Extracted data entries
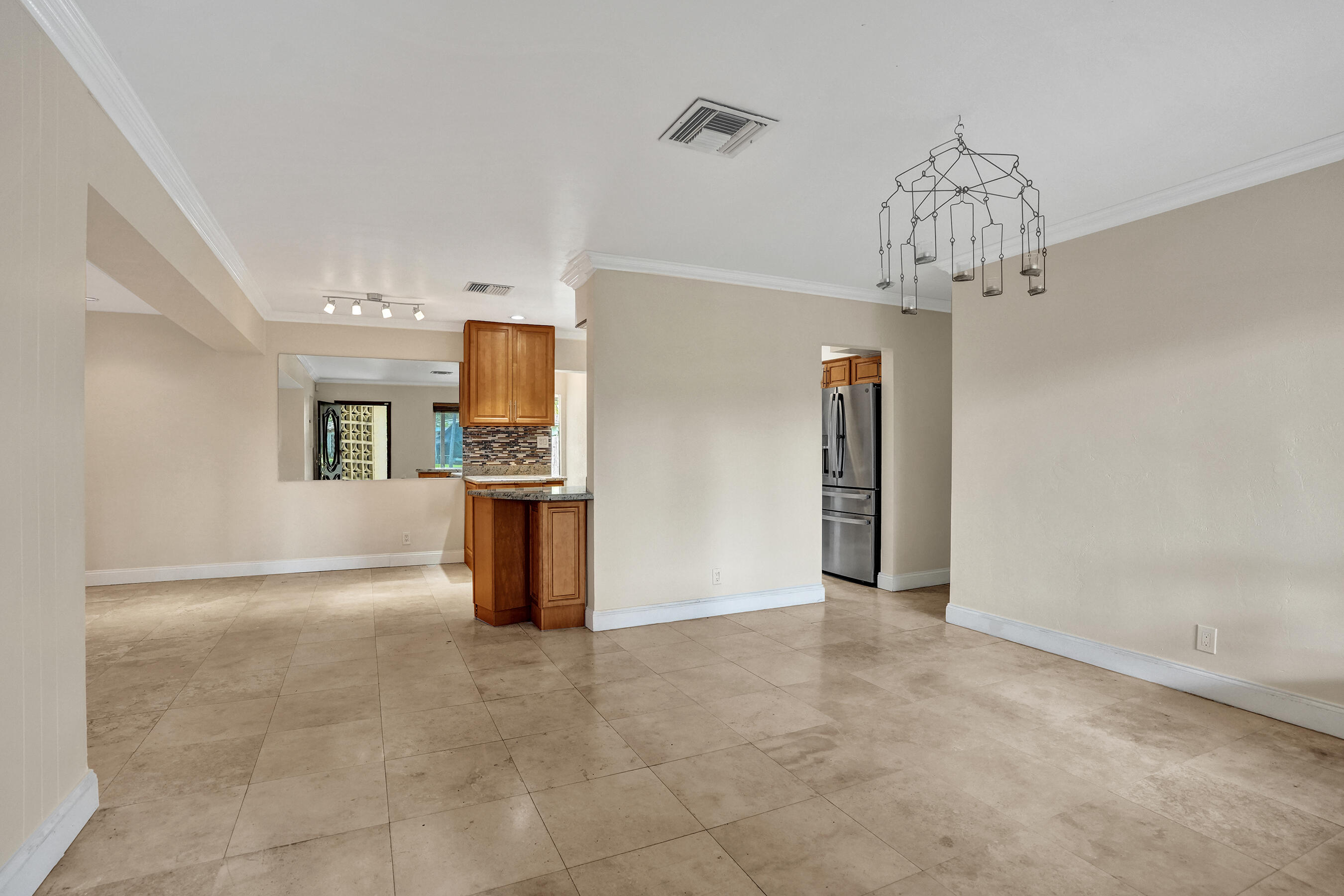 LYONS PARK FIRST ADD - Residential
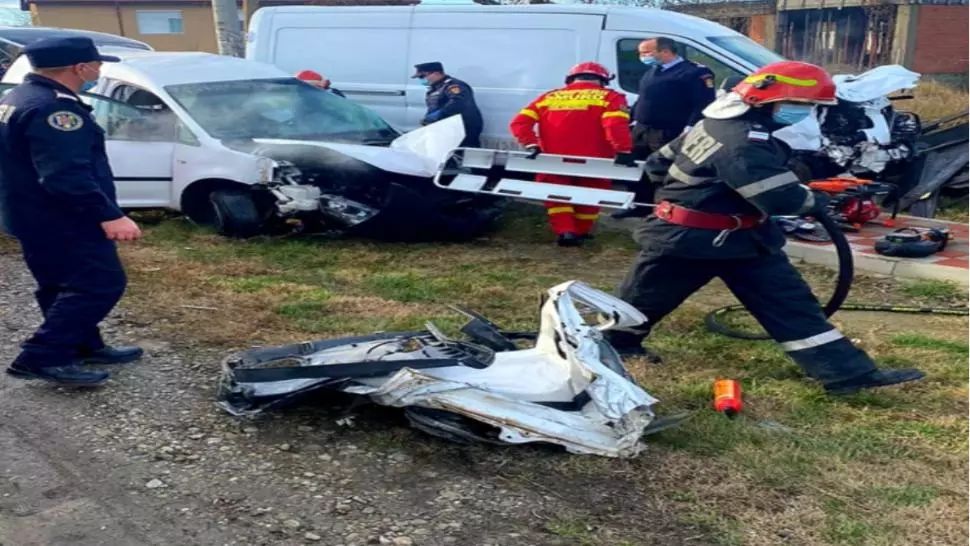 FOTO | Accident grav cu două autoutilitare, în Ialomița. Un mort și trei răniți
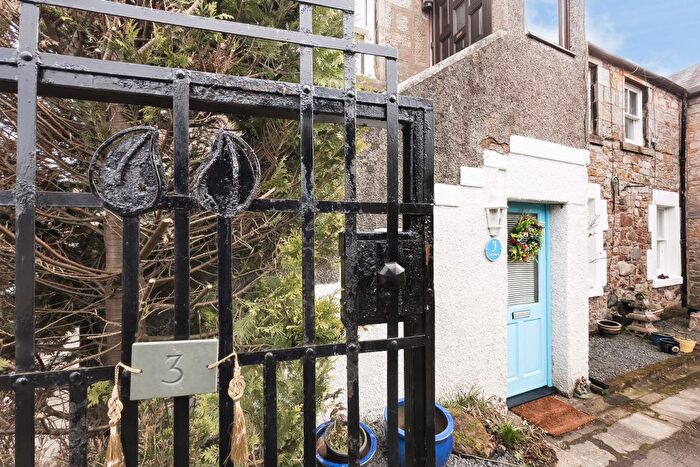 1 Bedroom Flat For Sale In Raemartin Square, West Linton, EH46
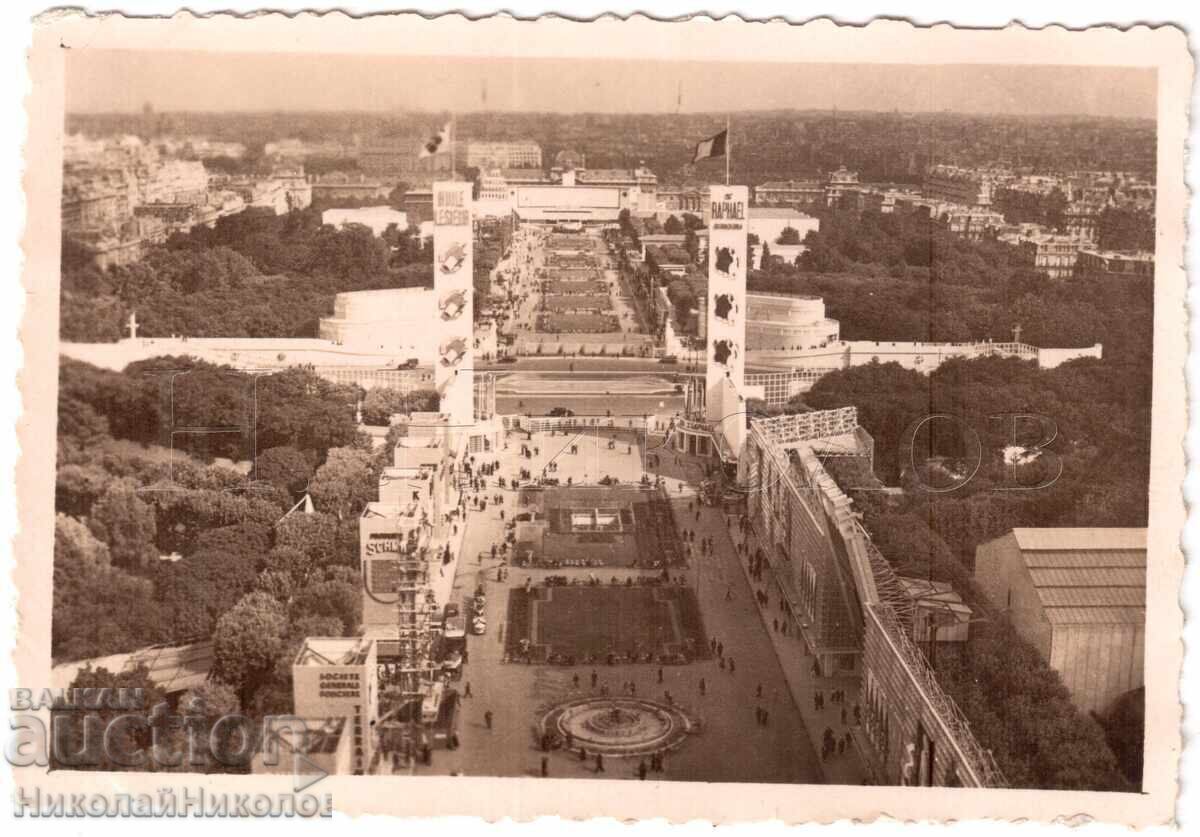 1937 FOTOGRAFIE MICĂ VECHE PARIS BULGARI LA EXPOZIȚIE D609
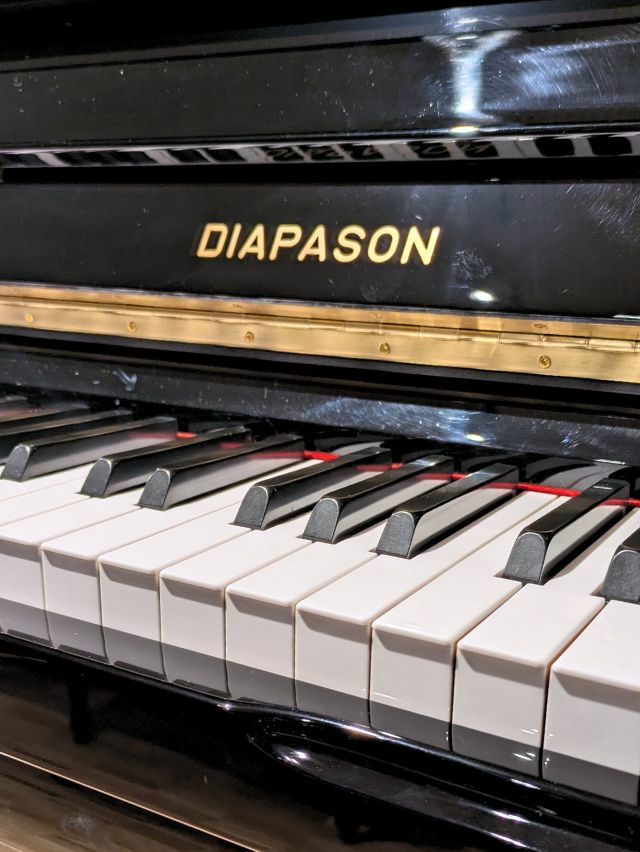 【商談中】ディアパソン アップライトピアノ ディアパソン/DIAPASON グランドピアノ DG183・DG166 アップライト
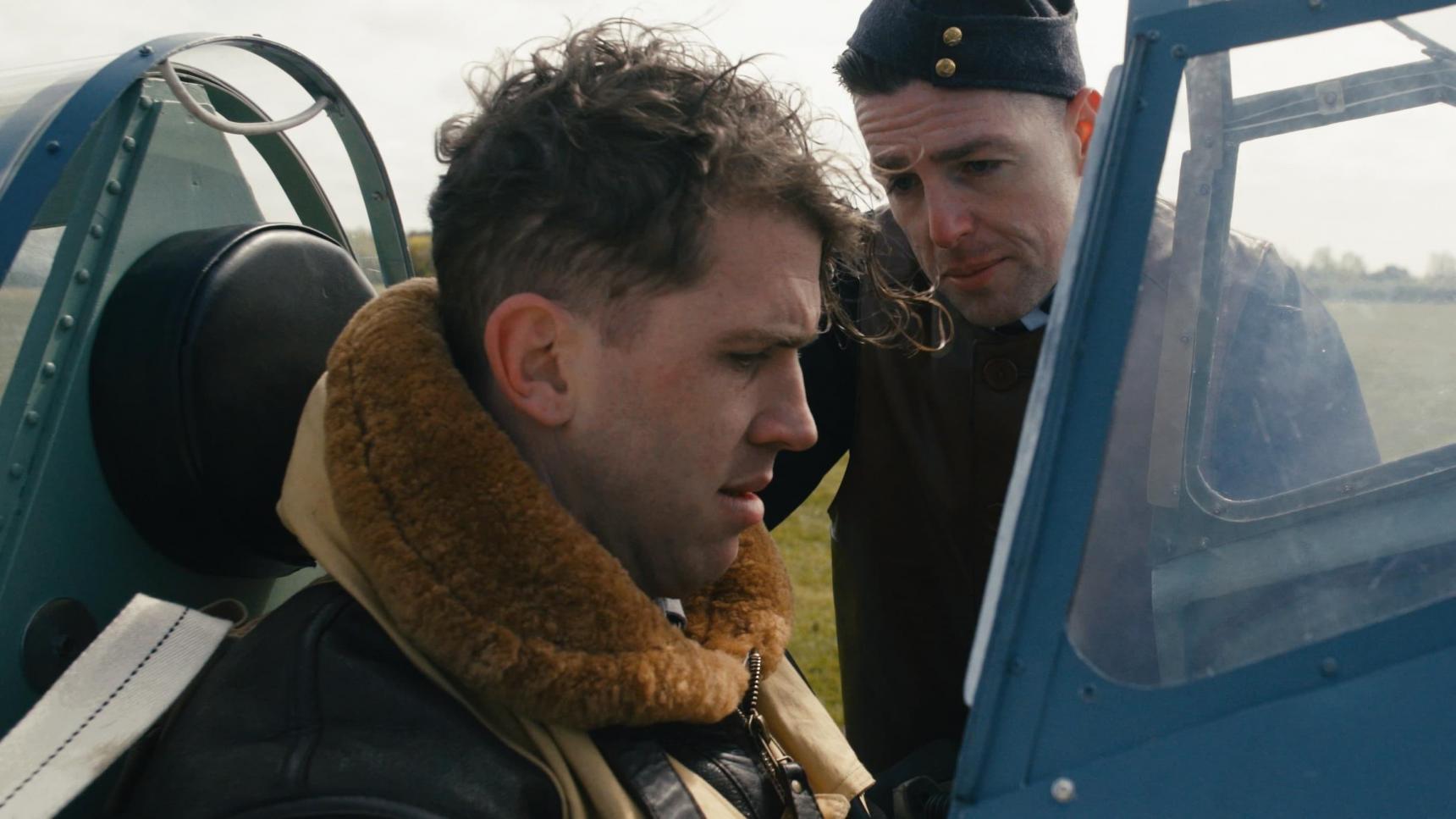 Fondo de pantalla de la película Spitfire Over Berlin en CUEVANA3 gratis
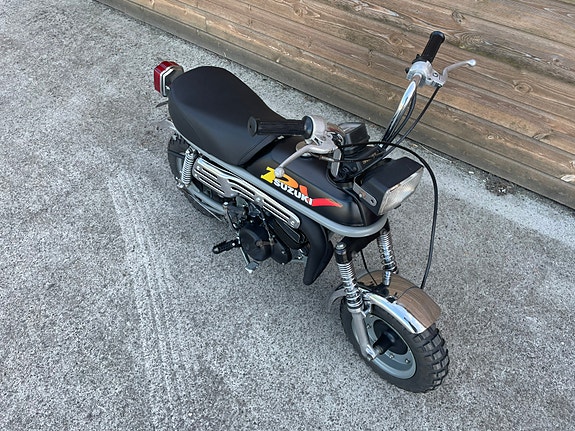 Suzuki PV 50 8 of 15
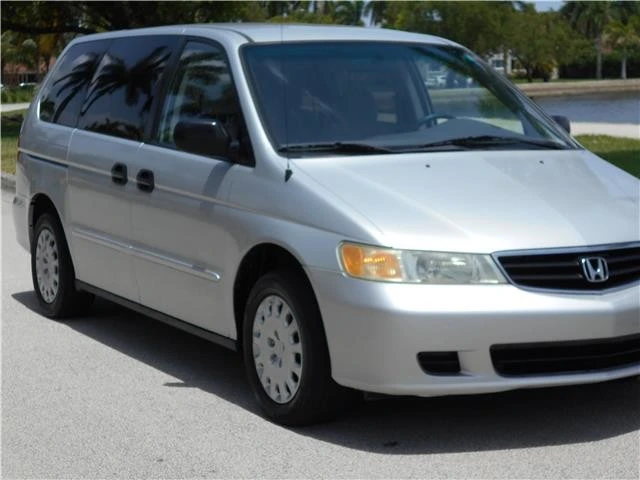 2004 Honda Odyssey - Image 3 of 12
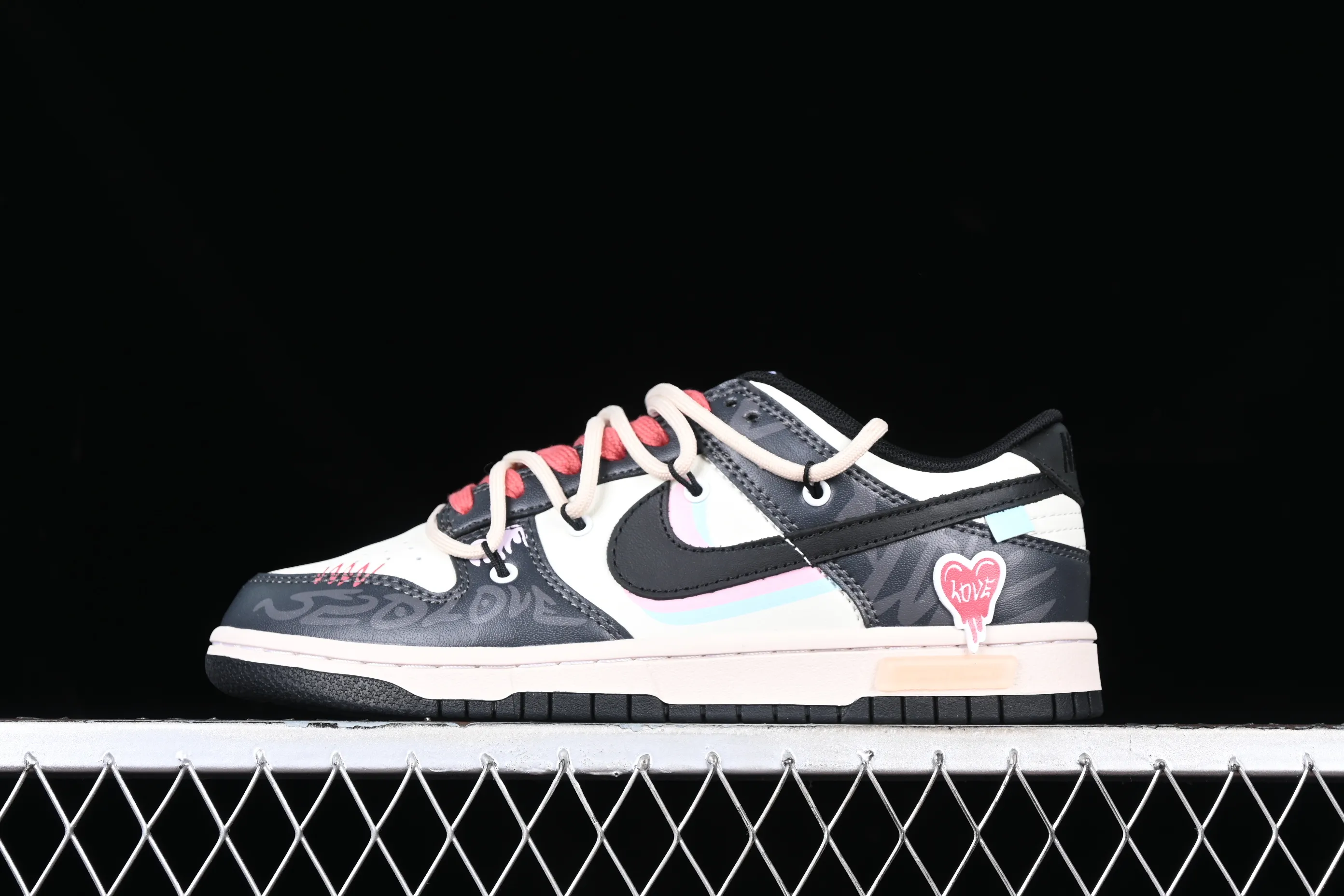All Categories Nk SB Dunk Series Nk SB Dunk Low Low-top sneakers Nk Dunk Low Panda Prank Psychedelic Love Panda Distressed SB strap low-top casual sneakers DD1391-100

* **Work to be completed**
Repeat the entries above exactly and skip the images.

* **Answer box**
 LYONS PARK FIRST ADD - Residential
 FOTO | Accident grav cu două autoutilitare, în Ialomița. Un mort și trei răniți
 1 Bedroom Flat For Sale In Raemartin Square, West Linton, EH46
 1937 FOTOGRAFIE MICĂ VECHE PARIS BULGARI LA EXPOZIȚIE D609
 【商談中】ディアパソン アップライトピアノ ディアパソン/DIAPASON グランドピアノ DG183・DG166 アップライト
 Fondo de pantalla de la película Spitfire Over Berlin en CUEVANA3 gratis
 Suzuki PV 50 8 of 15
 2004 Honda Odyssey - Image 3 of 12
All Categories Nk SB Dunk Series Nk SB Dunk Low Low-top sneakers Nk Dunk Low Panda Prank Psychedelic Love Panda Distressed SB strap low-top casual sneakers DD1391-100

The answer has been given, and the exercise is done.